This is an experiment in using Memory Mapped Files as a (local) transport mechanism between a system being observed, and an out-of-band export of that observability data.
Using memory mapped files for export has drawbacks, but a few important upsides:
- Shared mmap file region can be used communicate across processes via simple memory concurrency primitives.
- Process death of the system being observed still allows the observability consumer to collect data. Think of this like a "black box" on an airplane.
See also:
- Protocol Specification
- Benchmarks
- mmap-collector implementation
- Try it out
- Frequently Asked Questions
The design of otlp-mmap is guided by the following:
- Limited Persistence: We do not (truly) care about persistence. This could leverage shared memory. However, persistence can be a benefit in the event the collection process dies and need to restart.
- Concurrent Access: We must assume at least 1 producer and at most 1 consumer of o11y data. All access to files should leverage memory safety primitves, and encourage direct page sharing between processes.
- Fixed sized buffers: We start with fixed-size assumptions and can adapt/scale based on performance benchmarks. This is to avoid forcing an ever growing file and requiring file-rotations and detecting file-truncation, as is done in most log-based observability collection today.
- SDK makes all the decisions: We still require the SDK to instantiate the mmapped-file and determine its size and
characteristics. While an
mmap-collectorcomponent may have performance related configuration, it should be fully reactive to the size configuration from the SDK. Any OTEL file-based configuration support should find a way to flow from anmmap-sdkthrough the mmap file into themmap-collector - Shared description: The OTLP-mmap file is not a self-describing format that could encode any possible data. Instead, the definition of data it passes MUST be known ahead of time.

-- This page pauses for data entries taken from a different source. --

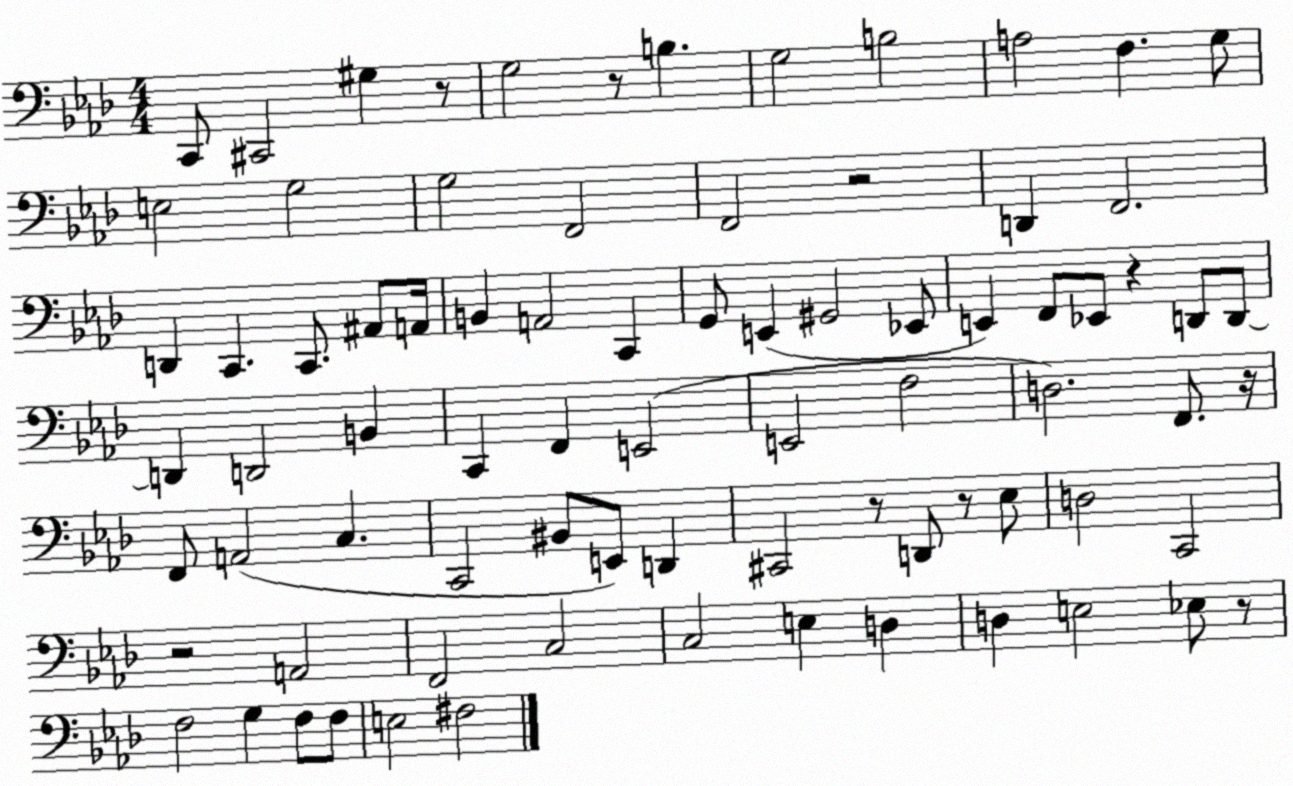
X:1
T:Untitled
M:4/4
L:1/4
K:Ab
C,,/2 ^C,,2 ^G, z/2 G,2 z/2 B, G,2 B,2 A,2 F, G,/2 E,2 G,2 G,2 F,,2 F,,2 z2 D,, F,,2 D,, C,, C,,/2 ^A,,/2 A,,/4 B,, A,,2 C,, G,,/2 E,, ^G,,2 _E,,/2 E,, F,,/2 _E,,/2 z D,,/2 D,,/2 D,, D,,2 B,, C,, F,, E,,2 E,,2 F,2 D,2 F,,/2 z/4 F,,/2 A,,2 C, C,,2 ^B,,/2 E,,/2 D,, ^C,,2 z/2 D,,/2 z/2 _E,/2 D,2 C,,2 z2 A,,2 F,,2 C,2 C,2 E, D, D, E,2 _E,/2 z/2 F,2 G, F,/2 F,/2 E,2 ^F,2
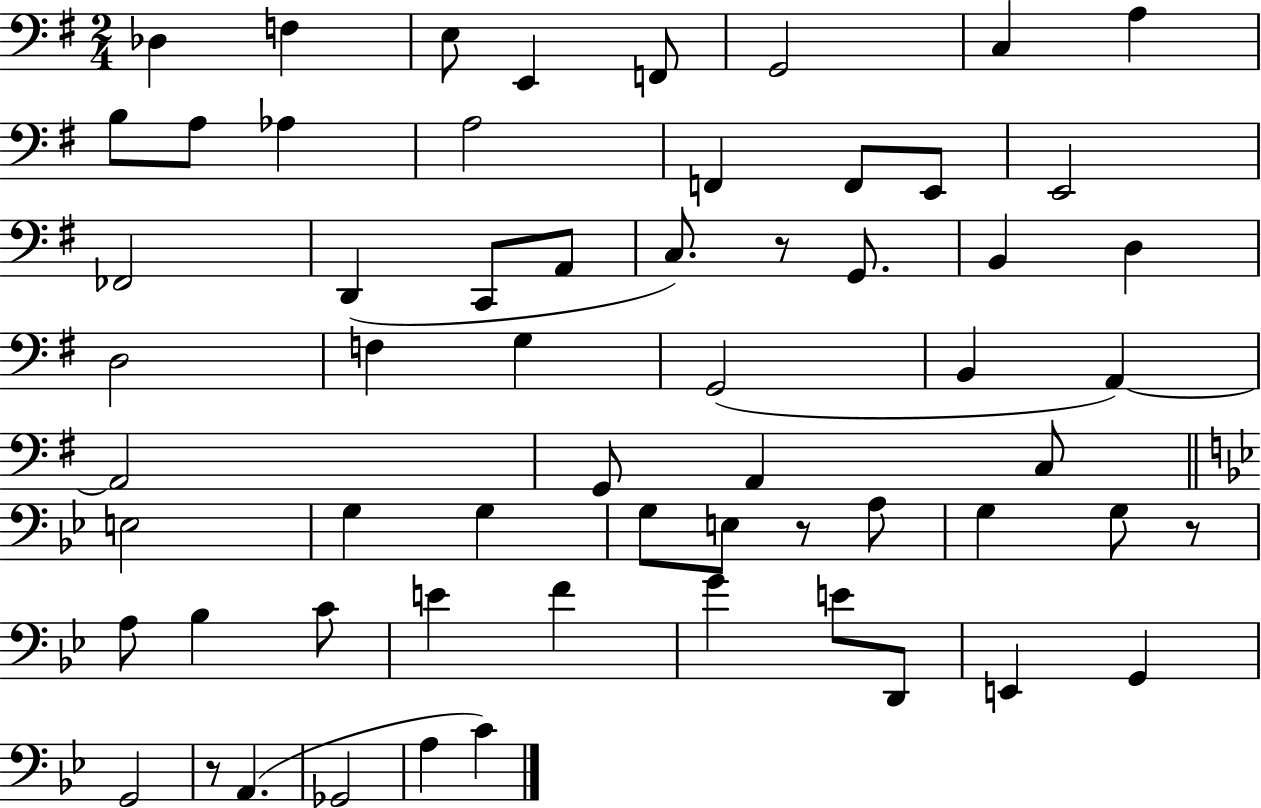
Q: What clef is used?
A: bass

See our Benchmarks for the current status.
Today, the following is true:
- (For Java) using
mmap-sdk+mmap-collectorresults in less Memory usage, higher CPU usage and little impact to throughput against an SDK configured with reasonable batching. mmap-sdk+mmap-collectorhave dramatically increased performance of "synchronous network export" - which would be the direct alternative way in OpenTelemetry today for getting data out of process quickly. This means for batch jobs, this may be a MUCH more efficient mechanism of getting data out.
You can run any of the docker compose demos found in the scenarios directory.
docker compose -f scenarios/{scenario}.yml up
Note: These all require a running on a disk where MMAP pages will be local to the machine running them.
The mmap-sdk.docker-compose.yml demo provides a simple example that will:
- Spin up an OpenTelemetry collector with traditional OTLP ingestion.
- Spin up a Java process that fires N (~200) spans out via the MMAP SDK.
- Spin up the MMAP collector to process these spans and fire them at an OpenTelemetry Collector via OTLP.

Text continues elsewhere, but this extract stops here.